He began his collegiate career for the Harvard Crimson during the 2019–20 season. He scored his first career goal on November 1, 2019. During his freshman year he recorded three goals and 18 assists in 31 games, and led the team with a plus-17 rating. Following an outstanding season, he was named a finalist for the ECAC Hockey Best Defensive Defenseman and was named to the All-ECAC Rookie Team. After the Ivy League cancelled their season due to the COVID-19 pandemic, he played for the Dubuque Fighting Saints of the United States Hockey League (USHL) during the 2020–21 season. He recorded eight goals and 14 assists in 24 games for the Fighting Saints. His 0.92 points per game average ranked second among defensemen. Following the season he was named to All-USHL Third Team.

He returned to Harvard during the 2021–22 season. In his junior year he recorded seven goals and 25 assists in 35 games. He led all ECAC Hockey defensemen in per game scoring at 0.91 points per game, and ranked second in defensemen scoring with 27 points. Following an outstanding season he was named a finalist for the ECAC Hockey Best Defensive Defenseman, named to the All-ECAC Second Team and named an AHCA East Second Team All-American.

Thrun finished the 2022–23 season with seven goals and 24 assists in 33 games, leading all defenseman in the ECAC with 0.94 points per game.
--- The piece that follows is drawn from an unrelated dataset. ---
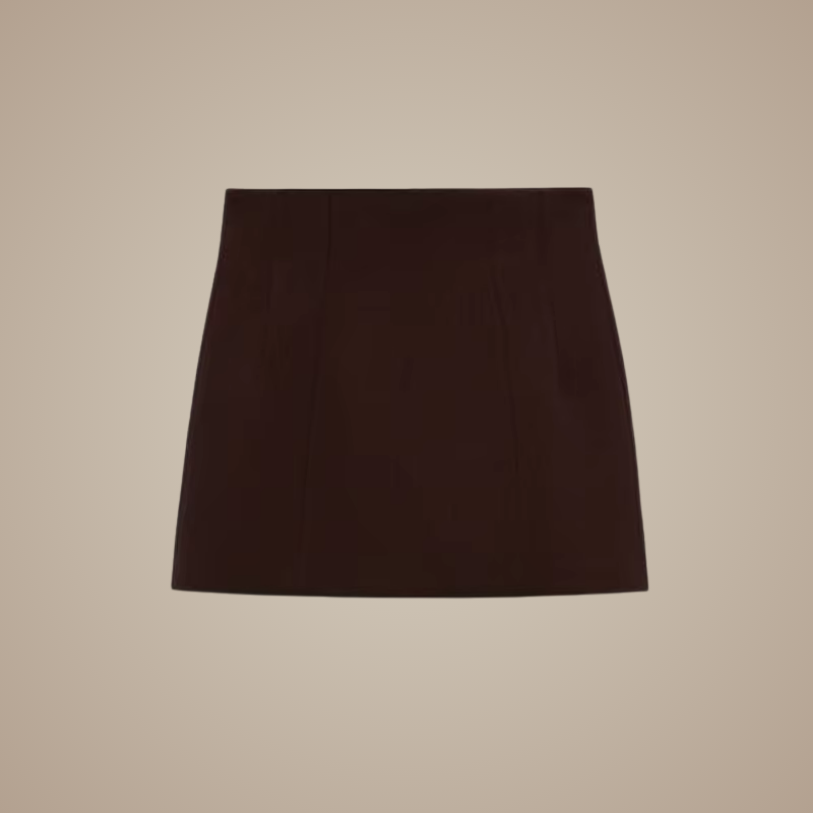 Mocha Power Suit Set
He finished the year with a plus-minus rating of +20. Thrun was named the ECAC Hockey Best Defensive Defenseman, as well as ECAC First-Team and an AHCA East First Team All-American.

After the conclusion of the Sharks' season, Thrun returned to Harvard to finish his bachelor's degree as a double major in economics and psychology.

===Professional===
On February 15, 2023, Thrun, notified the Anaheim Ducks that he intended to test free agency rather than sign with them when his rights expired in August 2023. Thrun's rights were subsequently traded to the San Jose Sharks on February 28. At the conclusion of his junior season with the Crimson, Thrun was signed by the Sharks to a two-year, entry-level contract on March 25, 2023, and joined the team immediately. Thrun played his first NHL game on March 23, 2023, against the Vegas Golden Knights, where he recorded two assists in the Sharks' 4–3 overtime victory.

Thrun scored his first career goal on January 9, 2024, the lone Sharks goal in a 7–1 loss to the Toronto Maple Leafs. On April 14, 2024, Thrun was voted 2023–24 Sharks Rookie of the Year by the Bay Area media. On July 24, 2024, he signed a two-year contract extension with the Sharks. During the 2024–25 season, he recorded two goals and ten assists in 60 games.

On July 10, 2025, Thrun was traded to the Toronto Maple Leafs in exchange for Ryan Reaves.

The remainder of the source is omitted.